━━━━━ Information given ━━━━━
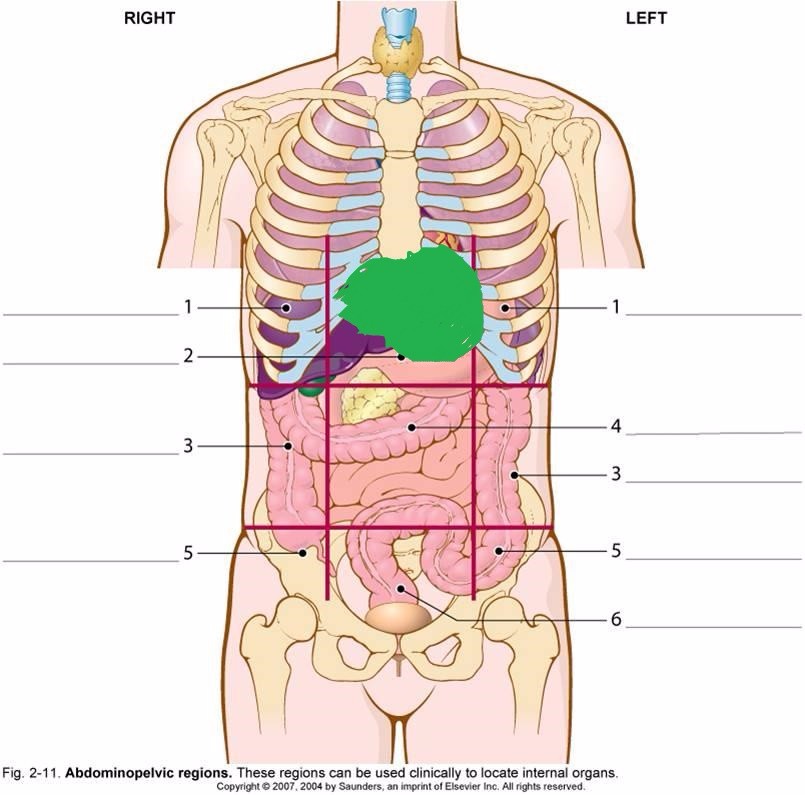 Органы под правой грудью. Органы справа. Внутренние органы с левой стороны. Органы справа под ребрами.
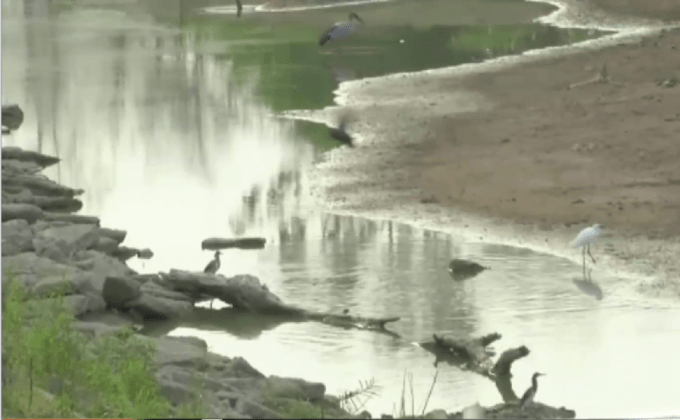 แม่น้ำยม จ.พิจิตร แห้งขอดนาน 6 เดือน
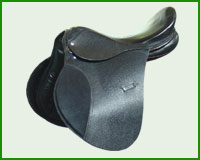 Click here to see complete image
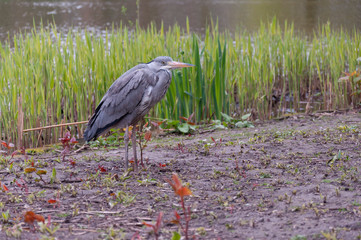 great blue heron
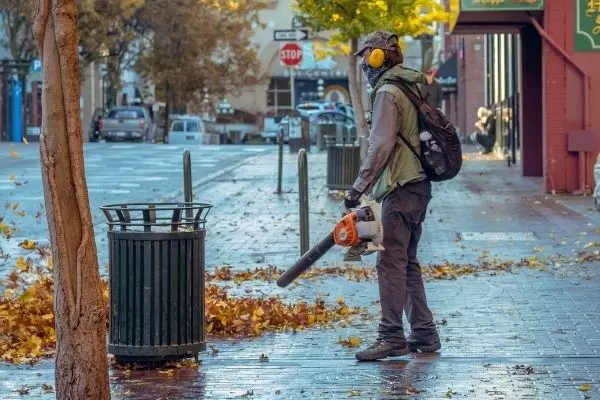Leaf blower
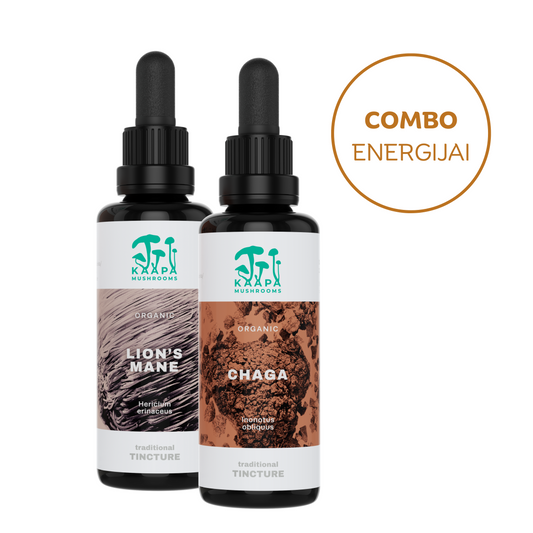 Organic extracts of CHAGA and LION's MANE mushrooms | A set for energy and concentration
━━━━━
━━━━━ Information given ━━━━━
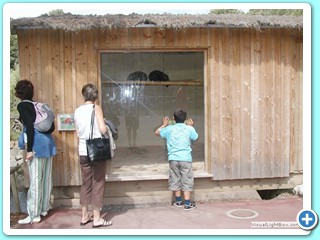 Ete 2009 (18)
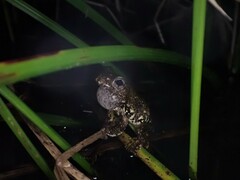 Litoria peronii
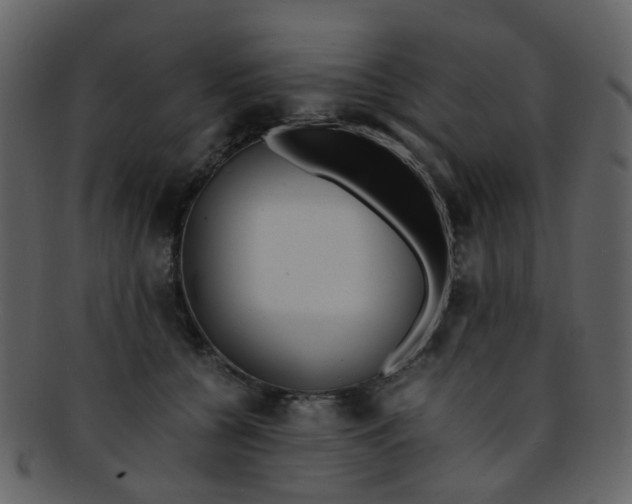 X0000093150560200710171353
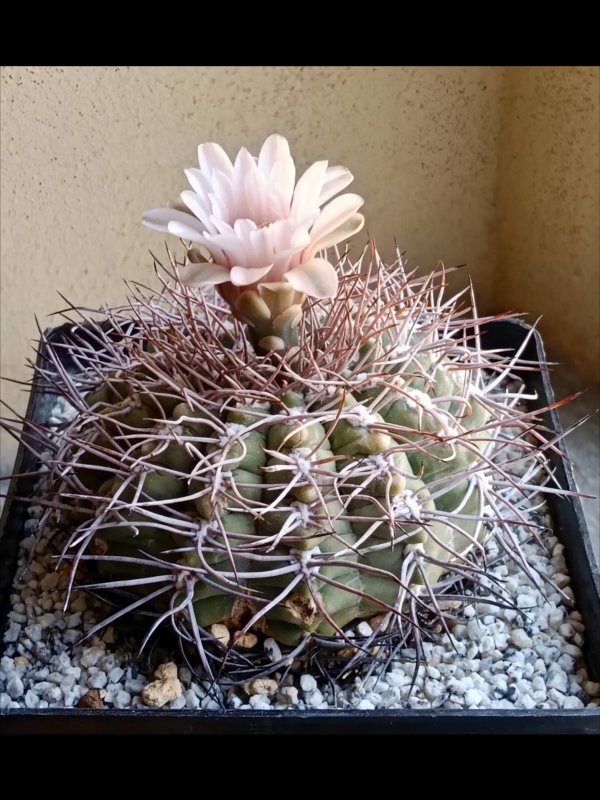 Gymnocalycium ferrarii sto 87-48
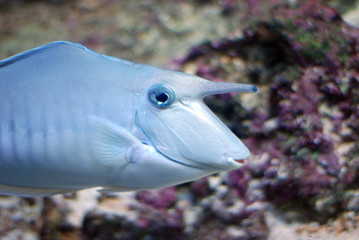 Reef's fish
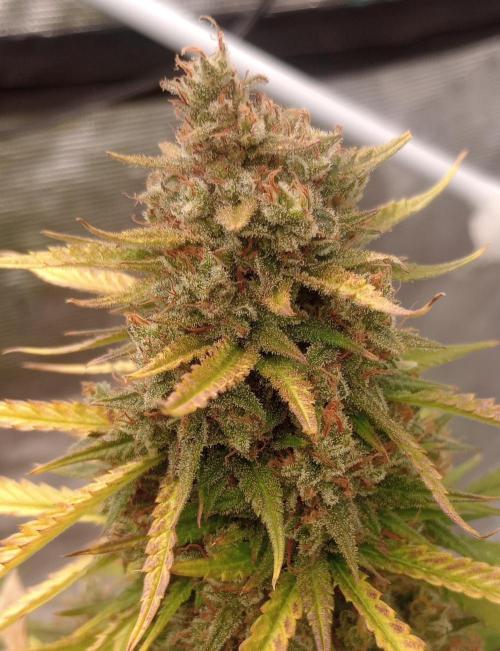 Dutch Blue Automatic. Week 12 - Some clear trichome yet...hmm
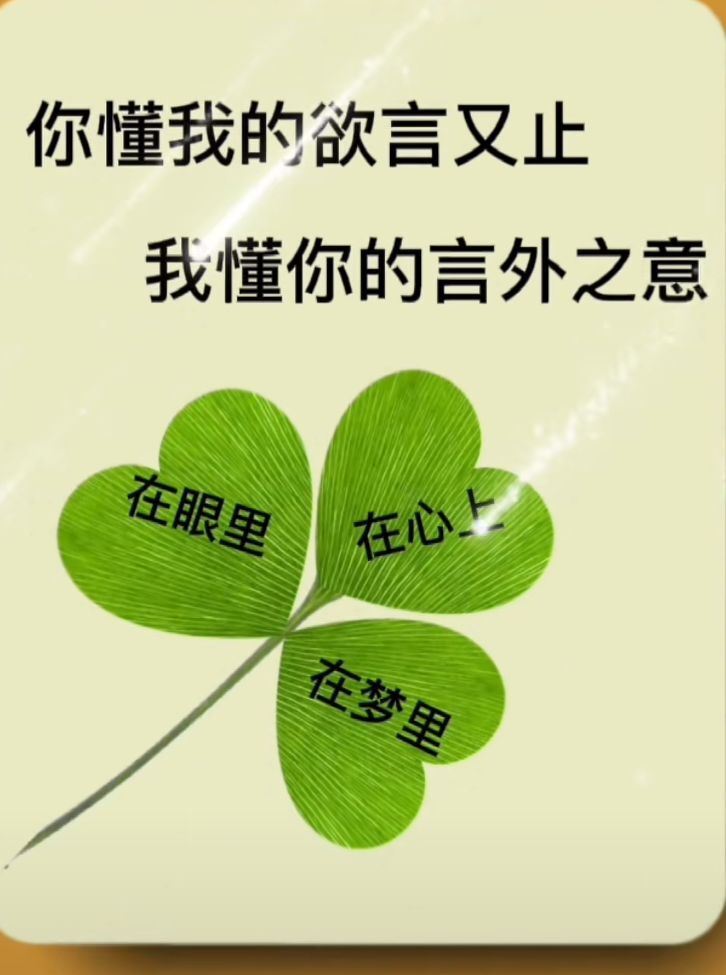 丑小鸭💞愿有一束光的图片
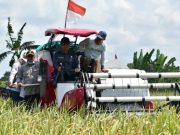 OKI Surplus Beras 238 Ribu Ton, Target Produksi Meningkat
━━━━━
━━━━━ Information given ━━━━━
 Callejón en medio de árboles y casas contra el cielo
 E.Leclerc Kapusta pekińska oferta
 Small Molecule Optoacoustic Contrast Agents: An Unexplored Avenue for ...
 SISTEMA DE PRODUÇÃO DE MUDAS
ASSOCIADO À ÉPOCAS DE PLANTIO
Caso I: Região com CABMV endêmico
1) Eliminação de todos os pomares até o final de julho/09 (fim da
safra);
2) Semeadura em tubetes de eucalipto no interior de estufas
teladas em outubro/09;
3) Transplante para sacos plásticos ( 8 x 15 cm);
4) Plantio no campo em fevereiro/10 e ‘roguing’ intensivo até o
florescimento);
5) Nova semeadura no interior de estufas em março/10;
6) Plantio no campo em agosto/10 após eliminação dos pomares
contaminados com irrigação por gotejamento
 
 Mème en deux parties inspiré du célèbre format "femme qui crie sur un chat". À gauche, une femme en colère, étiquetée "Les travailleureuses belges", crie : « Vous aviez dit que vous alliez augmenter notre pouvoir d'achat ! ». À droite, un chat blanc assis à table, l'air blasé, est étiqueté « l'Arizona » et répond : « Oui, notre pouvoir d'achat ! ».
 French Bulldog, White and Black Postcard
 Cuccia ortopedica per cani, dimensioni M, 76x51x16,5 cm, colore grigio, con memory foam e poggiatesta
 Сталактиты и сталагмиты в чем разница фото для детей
━━━━━
What this task involves:
Using the records above, restate word for word the lines from the one with "SISTEMA DE PRODUÇÃO DE MUDAS" through the one with "Сталактиты и сталагмиты", both included.

Answer box:
 SISTEMA DE PRODUÇÃO DE MUDAS
ASSOCIADO À ÉPOCAS DE PLANTIO
Caso I: Região com CABMV endêmico
1) Eliminação de todos os pomares até o final de julho/09 (fim da
safra);
2) Semeadura em tubetes de eucalipto no interior de estufas
teladas em outubro/09;
3) Transplante para sacos plásticos ( 8 x 15 cm);
4) Plantio no campo em fevereiro/10 e ‘roguing’ intensivo até o
florescimento);
5) Nova semeadura no interior de estufas em março/10;
6) Plantio no campo em agosto/10 após eliminação dos pomares
contaminados com irrigação por gotejamento
 
 Mème en deux parties inspiré du célèbre format "femme qui crie sur un chat". À gauche, une femme en colère, étiquetée "Les travailleureuses belges", crie : « Vous aviez dit que vous alliez augmenter notre pouvoir d'achat ! ». À droite, un chat blanc assis à table, l'air blasé, est étiqueté « l'Arizona » et répond : « Oui, notre pouvoir d'achat ! ».
 French Bulldog, White and Black Postcard
 Cuccia ortopedica per cani, dimensioni M, 76x51x16,5 cm, colore grigio, con memory foam e poggiatesta
 Сталактиты и сталагмиты в чем разница фото для детей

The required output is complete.